▸ **Assigned task**
Each line of the listing below, from the very first to the one that contains "Paperback Bass Drum", is to be retyped exactly as it stands.
■ ■ ■ ■ ■ ■ ■
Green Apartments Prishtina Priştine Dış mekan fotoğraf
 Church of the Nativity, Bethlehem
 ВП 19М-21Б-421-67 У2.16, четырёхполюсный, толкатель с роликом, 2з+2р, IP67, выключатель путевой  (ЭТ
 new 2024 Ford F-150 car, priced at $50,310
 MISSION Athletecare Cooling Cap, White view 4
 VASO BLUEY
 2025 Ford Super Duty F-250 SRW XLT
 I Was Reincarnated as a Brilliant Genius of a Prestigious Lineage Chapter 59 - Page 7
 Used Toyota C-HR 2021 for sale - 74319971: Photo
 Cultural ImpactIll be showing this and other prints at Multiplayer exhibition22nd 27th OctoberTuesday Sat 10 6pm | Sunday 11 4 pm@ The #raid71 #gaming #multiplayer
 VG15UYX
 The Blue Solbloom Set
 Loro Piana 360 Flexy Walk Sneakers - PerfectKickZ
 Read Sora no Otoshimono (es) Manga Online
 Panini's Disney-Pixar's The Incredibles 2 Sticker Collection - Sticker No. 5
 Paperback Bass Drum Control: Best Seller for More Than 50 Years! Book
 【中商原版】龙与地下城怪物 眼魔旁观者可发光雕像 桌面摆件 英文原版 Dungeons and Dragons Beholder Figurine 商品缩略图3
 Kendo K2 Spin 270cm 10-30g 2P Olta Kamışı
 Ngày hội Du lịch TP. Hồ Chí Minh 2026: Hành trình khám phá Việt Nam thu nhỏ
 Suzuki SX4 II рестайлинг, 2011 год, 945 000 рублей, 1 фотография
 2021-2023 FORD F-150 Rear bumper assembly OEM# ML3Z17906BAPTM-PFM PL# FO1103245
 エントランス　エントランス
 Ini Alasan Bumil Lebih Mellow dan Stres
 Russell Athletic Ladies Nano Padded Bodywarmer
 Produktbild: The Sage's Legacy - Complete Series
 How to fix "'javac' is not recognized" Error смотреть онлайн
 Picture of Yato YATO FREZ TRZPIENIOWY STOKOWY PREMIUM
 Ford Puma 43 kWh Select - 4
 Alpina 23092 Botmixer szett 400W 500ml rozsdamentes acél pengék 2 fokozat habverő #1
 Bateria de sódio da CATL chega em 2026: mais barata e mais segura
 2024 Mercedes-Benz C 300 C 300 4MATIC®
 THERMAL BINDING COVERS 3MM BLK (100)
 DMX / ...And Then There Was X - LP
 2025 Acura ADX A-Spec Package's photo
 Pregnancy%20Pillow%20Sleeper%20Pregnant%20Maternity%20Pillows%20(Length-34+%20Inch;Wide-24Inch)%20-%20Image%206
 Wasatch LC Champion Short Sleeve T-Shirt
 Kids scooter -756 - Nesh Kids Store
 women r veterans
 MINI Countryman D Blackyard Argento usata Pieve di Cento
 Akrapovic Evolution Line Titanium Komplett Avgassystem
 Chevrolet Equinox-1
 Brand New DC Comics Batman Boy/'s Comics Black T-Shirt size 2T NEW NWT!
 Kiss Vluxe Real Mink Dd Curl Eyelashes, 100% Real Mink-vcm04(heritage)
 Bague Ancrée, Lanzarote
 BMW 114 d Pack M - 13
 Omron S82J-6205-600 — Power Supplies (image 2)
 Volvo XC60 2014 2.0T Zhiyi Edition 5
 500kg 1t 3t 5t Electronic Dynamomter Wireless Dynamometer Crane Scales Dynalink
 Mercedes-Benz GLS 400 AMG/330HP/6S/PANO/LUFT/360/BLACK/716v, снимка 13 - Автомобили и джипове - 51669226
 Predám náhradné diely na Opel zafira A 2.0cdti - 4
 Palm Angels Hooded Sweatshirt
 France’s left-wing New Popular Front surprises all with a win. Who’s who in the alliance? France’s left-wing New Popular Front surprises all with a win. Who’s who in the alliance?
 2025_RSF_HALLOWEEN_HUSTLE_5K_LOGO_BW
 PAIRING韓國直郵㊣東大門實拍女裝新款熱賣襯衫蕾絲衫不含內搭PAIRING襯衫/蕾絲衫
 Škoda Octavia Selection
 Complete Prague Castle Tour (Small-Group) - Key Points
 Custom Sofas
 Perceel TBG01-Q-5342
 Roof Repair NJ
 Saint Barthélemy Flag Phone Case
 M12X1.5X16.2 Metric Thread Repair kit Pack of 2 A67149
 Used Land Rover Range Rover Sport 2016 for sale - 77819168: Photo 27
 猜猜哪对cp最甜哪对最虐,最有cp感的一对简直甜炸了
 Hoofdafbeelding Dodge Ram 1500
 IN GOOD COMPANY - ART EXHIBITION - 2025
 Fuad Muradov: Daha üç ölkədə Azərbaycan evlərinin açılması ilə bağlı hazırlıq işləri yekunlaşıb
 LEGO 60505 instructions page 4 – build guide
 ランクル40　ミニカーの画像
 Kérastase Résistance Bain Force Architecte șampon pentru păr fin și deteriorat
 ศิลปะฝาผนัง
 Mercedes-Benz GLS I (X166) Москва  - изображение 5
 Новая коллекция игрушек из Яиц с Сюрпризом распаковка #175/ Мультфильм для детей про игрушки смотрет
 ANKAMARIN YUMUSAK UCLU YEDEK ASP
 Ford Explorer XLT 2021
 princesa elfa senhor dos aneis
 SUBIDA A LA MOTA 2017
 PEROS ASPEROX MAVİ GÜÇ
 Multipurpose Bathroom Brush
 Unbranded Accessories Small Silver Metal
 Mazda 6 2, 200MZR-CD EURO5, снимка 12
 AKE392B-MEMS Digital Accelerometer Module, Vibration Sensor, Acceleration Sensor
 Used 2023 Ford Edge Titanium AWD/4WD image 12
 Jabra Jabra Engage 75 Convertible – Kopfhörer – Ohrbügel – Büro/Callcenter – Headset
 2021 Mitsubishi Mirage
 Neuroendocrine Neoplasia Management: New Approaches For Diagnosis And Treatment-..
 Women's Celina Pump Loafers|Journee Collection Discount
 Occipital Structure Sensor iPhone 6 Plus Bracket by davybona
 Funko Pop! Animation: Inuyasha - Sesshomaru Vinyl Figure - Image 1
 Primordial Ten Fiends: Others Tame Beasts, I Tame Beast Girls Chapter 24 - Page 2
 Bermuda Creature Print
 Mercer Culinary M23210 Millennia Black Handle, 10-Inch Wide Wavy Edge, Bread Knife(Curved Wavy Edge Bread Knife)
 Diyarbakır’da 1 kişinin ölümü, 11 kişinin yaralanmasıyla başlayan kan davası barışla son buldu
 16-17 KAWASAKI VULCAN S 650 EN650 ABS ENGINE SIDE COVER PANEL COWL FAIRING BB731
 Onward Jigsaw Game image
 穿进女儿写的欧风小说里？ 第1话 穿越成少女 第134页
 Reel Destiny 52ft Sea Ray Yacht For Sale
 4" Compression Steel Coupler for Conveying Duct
■ ■ ■ ■ ■ ■ ■
▸ **Solution**
Green Apartments Prishtina Priştine Dış mekan fotoğraf
 Church of the Nativity, Bethlehem
 ВП 19М-21Б-421-67 У2.16, четырёхполюсный, толкатель с роликом, 2з+2р, IP67, выключатель путевой  (ЭТ
 new 2024 Ford F-150 car, priced at $50,310
 MISSION Athletecare Cooling Cap, White view 4
 VASO BLUEY
 2025 Ford Super Duty F-250 SRW XLT
 I Was Reincarnated as a Brilliant Genius of a Prestigious Lineage Chapter 59 - Page 7
 Used Toyota C-HR 2021 for sale - 74319971: Photo
 Cultural ImpactIll be showing this and other prints at Multiplayer exhibition22nd 27th OctoberTuesday Sat 10 6pm | Sunday 11 4 pm@ The #raid71 #gaming #multiplayer
 VG15UYX
 The Blue Solbloom Set
 Loro Piana 360 Flexy Walk Sneakers - PerfectKickZ
 Read Sora no Otoshimono (es) Manga Online
 Panini's Disney-Pixar's The Incredibles 2 Sticker Collection - Sticker No. 5
 Paperback Bass Drum Control: Best Seller for More Than 50 Years! Book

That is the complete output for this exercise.